▸ **Materials provided**
↓
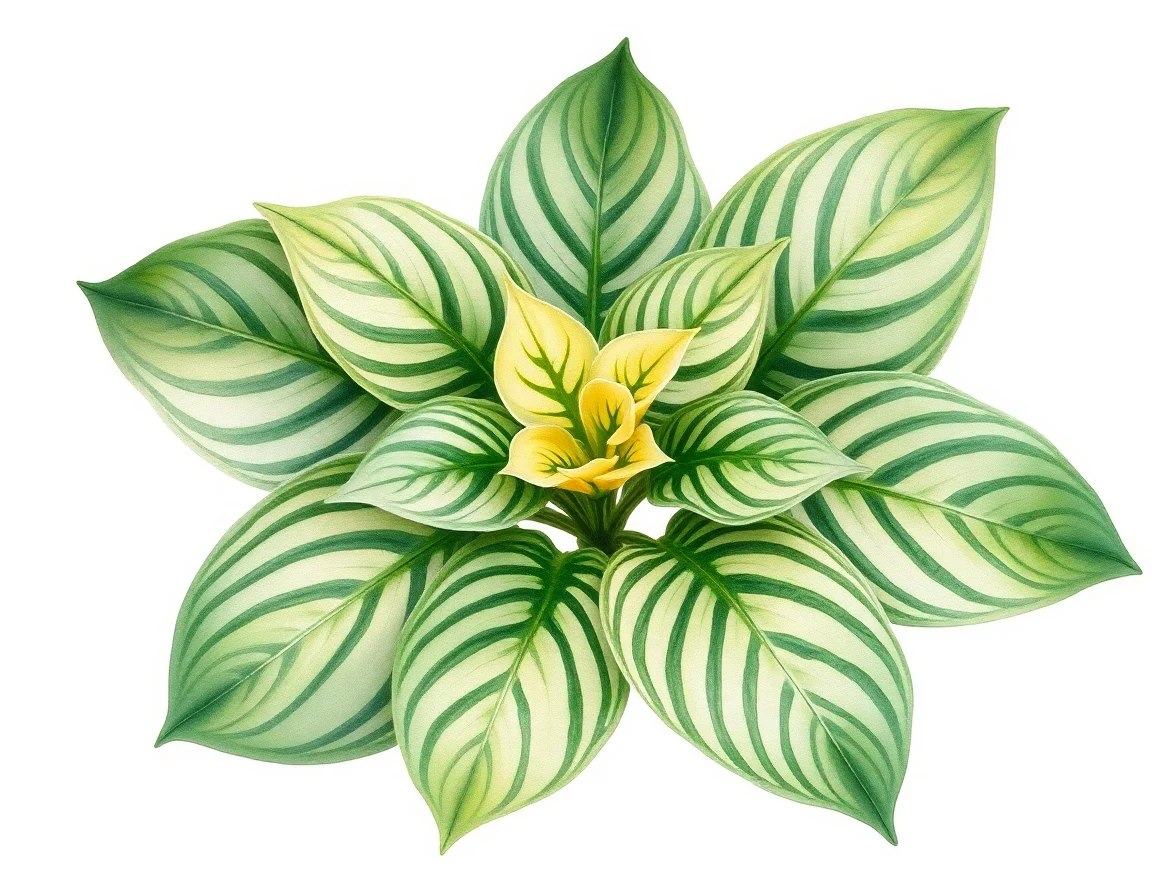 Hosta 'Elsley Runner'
↑
↓
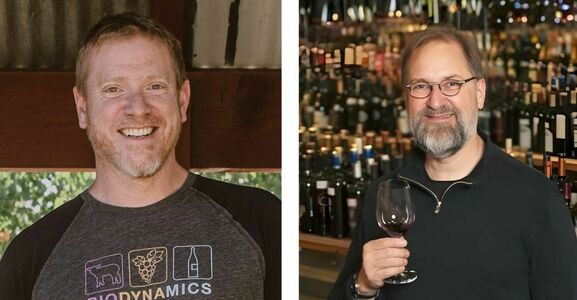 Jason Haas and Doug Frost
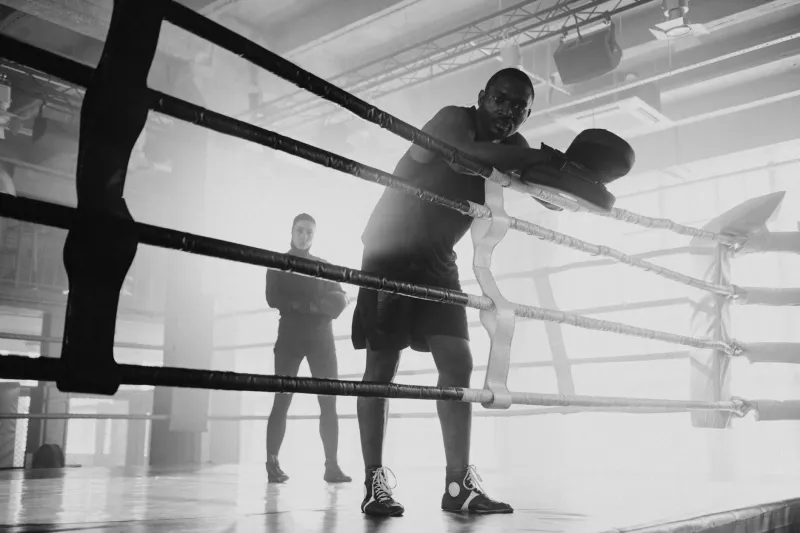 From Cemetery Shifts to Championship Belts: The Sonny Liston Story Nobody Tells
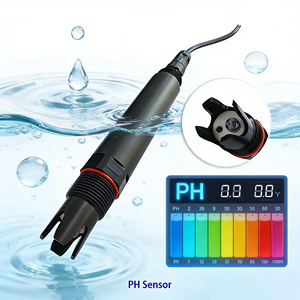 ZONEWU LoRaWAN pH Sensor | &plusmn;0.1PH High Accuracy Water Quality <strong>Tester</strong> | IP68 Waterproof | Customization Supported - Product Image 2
↑
▸ **Task statement**
Retype, exactly and with no pictures, everything above from the line with "From Cemetery Shifts" down to the line with "ZONEWU LoRaWAN pH", both included.

▸ **Answer space**
 From Cemetery Shifts to Championship Belts: The Sonny Liston Story Nobody Tells
 ZONEWU LoRaWAN pH Sensor | &plusmn;0.1PH High Accuracy Water Quality <strong>Tester</strong> | IP68 Waterproof | Customization Supported - Product Image 2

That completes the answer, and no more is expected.